Google recently hosted a two day workshop (April 29-30, 2014) at their London office focusing on both speech recognition and speech synthesis. They invited a total of 68 students and post-docs from across Europe. The attendees had a wide range of experience—I met someone just two months into their Phd and others who have been working in the field for years with dozens of publications. No proceedings were associated with the workshop, but each of the attendees were asked to present a poster of their work. Most seemed to present a poster from a previous conference (I used the poster from my recent ASRU paper).

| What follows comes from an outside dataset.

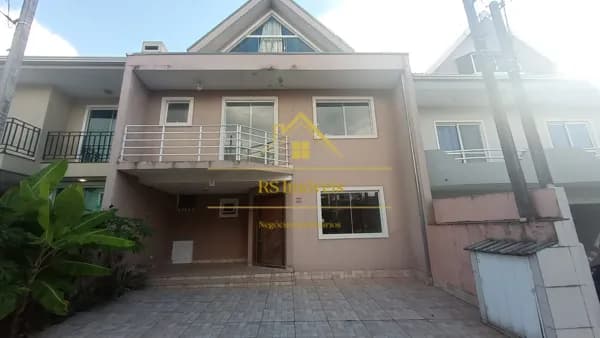 Sobrado em Condomínio fechado com 3 Quartos à venda, 128m² - Cachoeira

Overall, I had a great time at the workshop, and I think most attendees would say the same thing. If Google demonstrated one thing, it is that they take very good care of their guests and employees. We were well fed and stayed in a nice hotel in the center of London. We spent three days in London, discussing state-of-the-art research and meeting new people, without spending a cent of our own money.

As the workshop began, I could sense the uncertainty from the other attendees. None of us really knew what the goal of the workshop would be. Some assumed it would be two days of hearing how great Google is and we would be handed job applications as we walked out the door. In truth, it was nothing like that.

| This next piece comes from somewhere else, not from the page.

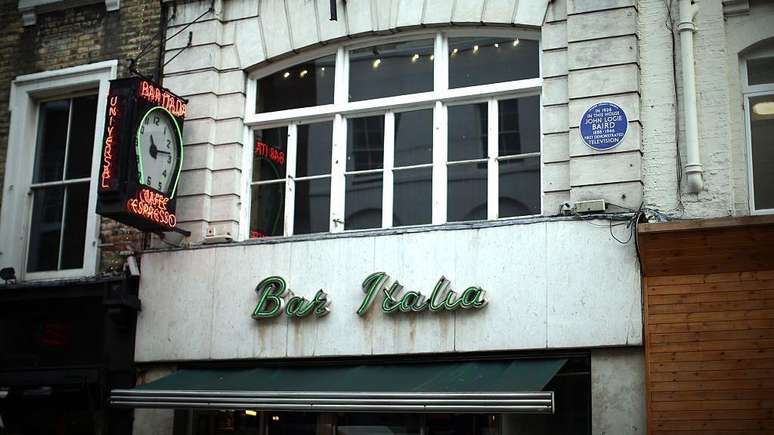 The Soho building in London, where John Logie Baird kept the first television broadcasts in history, received a commemorative blue sign in 1951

The majority of the workshop consisted of Google researchers giving talks, not necessarily describing how great the Google product family is, but their personal research. Google is known by their products. Nearly every attendee uses Gmail, Google search, and Scholar. Half of us have smartphones running Android. I think they really wanted to make the point that, yes, Google is a company that makes products, but the research scientists are doing the cutting edge research that makes those products possible.

Obviously the Google employees take great pride in the work they do. Unlike in academia, they have the benefit of seeing their ideas work, not just on toy datasets, but in real world technologies used by millions of people. Often the papers they publish are about techniques that have a real world impact. This also explains why they sometimes have difficulty using research done in academia. If I have a technique that works well on a small dataset, there is little evidence that it would scale to a live system trained on thousands of hours of speech. Since academic labs do not have the resources of Google, it is difficult to prove the efficacy of a technique to the level desired by a large company like Google, Microsoft, or Apple.

While all of the research talks were interesting, it is the anecdotes and trivia that really stick in my mind. Below are some of the more interesting details I remember.

Google Speech Recognition System

Their typical ASR system is a hybrid DNN-HMM system. Input are 26 frames of mel-scale filter bank features. Typically systems from other labs use a window with an equal amount of before and after context. Since Google focuses on real-time performance, they only allow five frames of future context. This behemoth of a system uses 8 hidden layers of 2560 units each, giving a total of 85 million parameters. Approximately 2,000 hours of speech are used to train the system.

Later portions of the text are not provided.